To determine the row rank I multiply i-th row by $\lambda_i$ then sum the rows and equal it to be zero which results in $\lambda_1 = -\lambda_2$, $\lambda_1 = -\lambda_3$, $\lambda_3 = -\lambda_4$ and $\lambda_1 = \lambda_4$. So for $\lambda_1 = 1$, $$\begin{bmatrix} 0 & 2 & 3 & -4 & 1 \end{bmatrix} \\ + \begin{bmatrix} 0 & 0 & -2 & -3 & -4 \end{bmatrix} \\ + \begin{bmatrix} -2 & -2 & 5 & -2 & -4 \end{bmatrix} \\ + \begin{bmatrix} 2 & 0 & 6 & -9 & 7 \end{bmatrix} \\ =0.$$ So we are right that 4 rows are dependent. Then I eliminate the 4-th row, by guess, and I see that there is no way the rows of $$\begin{bmatrix} 0 & 2 \\ 0 & 0 \\ 2 & 2 \end{bmatrix} $$ to be dependent so the row rank is $3$. By a theorem that I've studied it the row rank and the column rank of a matrix are same. But the book wants the column rank of the given matrix by calculation and I can't find out it column rank.
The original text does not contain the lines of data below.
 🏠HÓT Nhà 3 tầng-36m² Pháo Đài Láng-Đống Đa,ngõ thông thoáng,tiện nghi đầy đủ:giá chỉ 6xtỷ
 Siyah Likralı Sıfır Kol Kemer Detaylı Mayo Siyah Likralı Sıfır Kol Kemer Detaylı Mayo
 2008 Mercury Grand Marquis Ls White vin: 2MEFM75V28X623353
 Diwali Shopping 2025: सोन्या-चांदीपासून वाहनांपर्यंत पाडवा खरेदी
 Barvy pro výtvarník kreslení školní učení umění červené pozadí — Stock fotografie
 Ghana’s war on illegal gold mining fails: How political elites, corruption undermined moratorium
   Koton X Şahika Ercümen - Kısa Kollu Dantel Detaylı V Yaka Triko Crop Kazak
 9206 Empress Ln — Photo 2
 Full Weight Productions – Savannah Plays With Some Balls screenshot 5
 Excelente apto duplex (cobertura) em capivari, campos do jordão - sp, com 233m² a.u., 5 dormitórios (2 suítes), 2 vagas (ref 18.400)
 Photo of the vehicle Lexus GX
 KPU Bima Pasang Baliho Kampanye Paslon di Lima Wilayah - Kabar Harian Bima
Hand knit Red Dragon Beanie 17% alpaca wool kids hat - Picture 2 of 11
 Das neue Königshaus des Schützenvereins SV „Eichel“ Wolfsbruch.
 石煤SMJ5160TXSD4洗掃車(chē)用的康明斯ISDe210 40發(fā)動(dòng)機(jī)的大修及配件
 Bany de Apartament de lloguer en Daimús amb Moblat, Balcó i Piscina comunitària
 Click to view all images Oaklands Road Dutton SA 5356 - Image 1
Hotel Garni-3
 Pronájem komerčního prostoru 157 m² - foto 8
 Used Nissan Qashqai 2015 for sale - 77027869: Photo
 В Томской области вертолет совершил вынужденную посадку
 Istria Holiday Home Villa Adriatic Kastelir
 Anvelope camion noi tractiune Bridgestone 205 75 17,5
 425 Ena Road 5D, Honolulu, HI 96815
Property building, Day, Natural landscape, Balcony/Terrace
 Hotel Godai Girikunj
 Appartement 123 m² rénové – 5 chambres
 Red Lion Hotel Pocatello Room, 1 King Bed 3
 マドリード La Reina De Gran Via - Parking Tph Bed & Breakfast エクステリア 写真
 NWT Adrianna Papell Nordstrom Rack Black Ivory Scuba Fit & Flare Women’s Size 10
Here is my attempt: By multiplication of i-th column by $\lambda_i$ then sum the columns and equal the sum to be zero which results in (after some calculations,) $\lambda_1 = -\frac{15}{8}\lambda_4$, $\lambda_2 = \frac{19}{8}\lambda_4$, $\lambda_3 = 0$ and $\lambda_5 = \frac{6}{8}\lambda_4$. Neither all zero nor all non-zero and even if it was too complicated to guess next step.

My questions are:

1- How $\lambda_3 = 0$ can help? It meaning is so ambiguous! Will it appear in the collection of maximum number of independent columns or never?

2- How can I calculate the column rank of the given matrix when I can't simply guess it?

Thank you!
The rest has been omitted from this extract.